A repository for a state-of-the-art SPRITE-seq processing pipeline

Notifications You must be signed in to change notification settings

dmalzl/spritecooler

Folders and files

NameName
Last commit message
Last commit date

Latest commit

 
 
 
 
 
 
 
 
 
 
 
 
 
 
 
 
 
 
 
 
 
 
 

Repository files navigation

spritecooler

Nextflow

a cooler way to analyse your SPRITE-seq data

Introduction

spritecooler is a nextflow pipeline for processing SPRITE-seq data aligned with the 4DN guidelines. It was developed be a somewhat complete reimplementation of the sprite-pipeline v2.0 in nextflow and Python leveraging the Cooler framework for contact matrix creating, storage and manipulation. This also enables the data to be integrated in existing Hi-C workflows and viewers such as higlass

Installation

To run the pipeline you need to install nextflow (version 23.10.1 or higher) and any distribution of conda (we recommend miniconda; make sure you have one of the newer versions here also; the pipeline currenly runs on conda environments, may change to containers in the future).

Usage

After installing the prerequisites the pipeline can be run with a variation of the following command (this example uses human data from the original SPRITE-seq paper)
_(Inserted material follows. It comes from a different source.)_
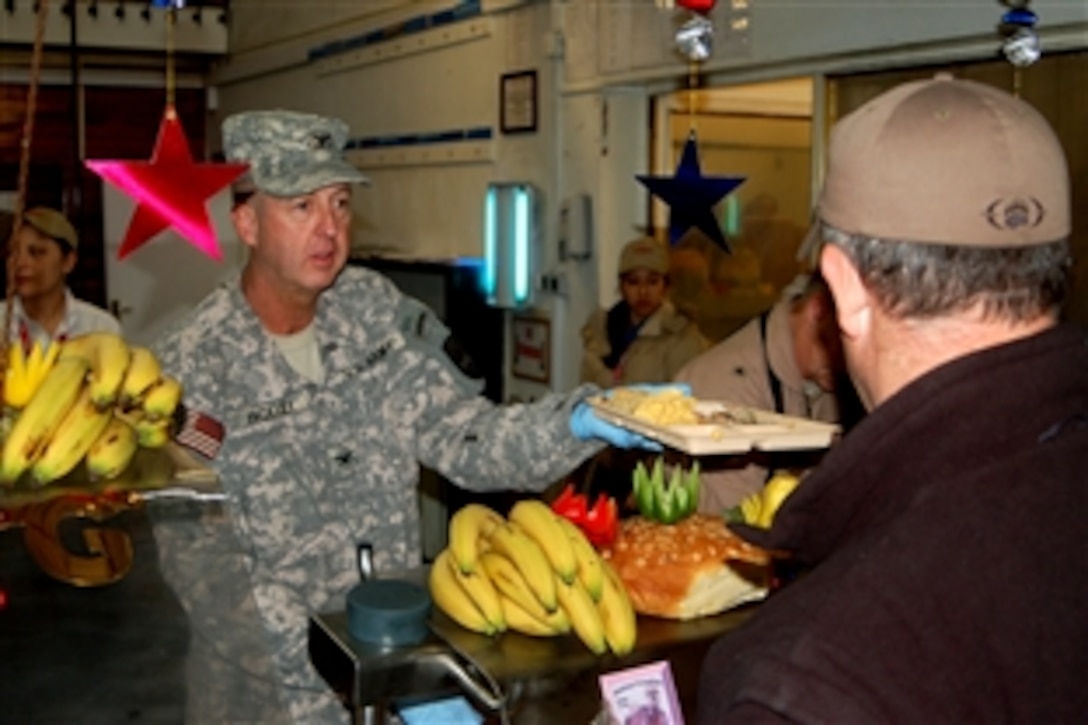 U.S. Army Col. Stephen G. Yackley helps dish out Thanksgiving dinner, Nov. 27, 2008, to the servicemembers of Camp Eggers, Kabul, Afghanistan. Yackley is deputy to the commanding general, Police Development, Combined Security Transition Command-Afghanistan.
nextflow run dmalzl/spritecooler \
        --samples samples.csv \
        --barcodes barcodes.tsv \
        --r1Layout DPM \
        --r2Layout 'Y|SPACER|ODD|SPACER|EVEN|SPACER|ODD' \
        --mismatch 'DPM:0,Y:0,EVEN:2,ODD:2' \
        --genome GRCh38

Here samples.csv is a comma-separated file containing sample information including paths to the files containing the raw sequence data (has to have the follwing format)

sample,replicate,fastq_1,fastq_2
SPRITE01,r1,SRR7216005_1.fq.gz,SRR7216005_2.fq.gz
SPRITE01,r1,SRR7216005_1.fq.gz,SRR7216005_2.fq.gz
SPRITE01,r2,SRR7216006_1.fq.gz,SRR7216006_2.fq.gz
SPRITE02,r1,SRR7216007_1.fq.gz,SRR7216007_2.fq.gz

The sample and replicate columns determine the data groupings during the processing. Specifically, all data with same sample and replicate will be concatenated before going through the different processing stages. Data with same sample but different replicate will be merged after generating the base matrix. Irrespective of these mergings the pipeline will also output results for each replicate up to generating the base matrix.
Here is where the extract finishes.